In New Orleans, the worst-hit parishes were the lower-income ones. But the city also ignored the power of nature. More than one million acres of Louisiana's coastal wetlands, or 1,900 square miles, have been lost since 1930, due to development and the construction of levees and canals. Barrier islands and stands of tupelo and cypress also vanished. All of them absorb some of the energy and water from storm surges, which, more than the rain falling from the sky, caused the current calamity. "If these had been in place, at least some of the energy in the storm surge would have been dissipated," says geologist Jeffrey Mount of the University of California, Davis. "This is a self-inflicted wound."

Studies estimate that for every square mile of wetlands lost, storm surges rise by one foot.

Leaving aside whether the levees that broke in New Orleans could have been better constructed, their very existence contributed to the disaster. Built to keep the city from being flooded by the Mississippi, they also keep the Big Muddy from depositing silt to replenish marshes and the river's delta, as do projects that direct the river's water and sediment out to sea to create a deep shipping channel.

The result is that much of New Orleans fell below sea level. Combined with the dredging to build canals, "the Gulf of Mexico is a lot closer to New Orleans than it was when Hurricane Betsy ripped through in 1965," says Prof. Steinberg. Now the gulf is in the city.

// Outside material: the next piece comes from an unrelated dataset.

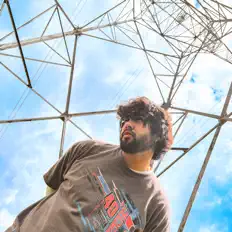 Luister naar wavypalace, bekijk muziekvideo's, lees de bio, bekijk de tourdata, en meer!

The ultimate question is whether Katrina's power reflects human-caused global warming, or is at minimum a harbinger of the kinds of storms we can expect in a warmer world.  No single freak storm can be attributed to global climate trends. But for hurricanes to form, the surface temperature in the tropical Atlantic must exceed about 80° Fahrenheit. That is more likely in a warmer world.

The best science to date suggests the frequency of hurricanes doesn't reflect global warming. Straightforward physics, however, says their intensity might. As the seas and air warm, there is more evaporation, which fuels storms, and more energy available to pump them up. A new analysis by atmospheric physicist Kerry Emanuel of MIT suggests the net power of tropical cyclones (hurricanes and Pacific typhoons), a combination of the energy they pack and how long they last, "has increased markedly since 1970."

The power of storms in the North Atlantic has tripled, while the power of those in the western North Pacific has more than doubled.

Similarly, a 2004 study from the Geophysical Fluid Dynamics Laboratory in Princeton, N.J., part of the National Oceanic and Atmospheric Administration, found that a warmer world is likely to deepen hurricanes' central pressure (a measure of their power) and intensify the rainfall they bring. Today's storms, the scientists write, "may be upstaged by even more intense hurricanes over the next century as the earth's climate is warmed by increasing levels of greenhouse gases in the atmosphere."

By continuing to blame weather extremes on random events, the "stuff happens" attitude, officials and city planners are ignoring their contributions to the disasters that have pummeled the planet and promise to become only worse.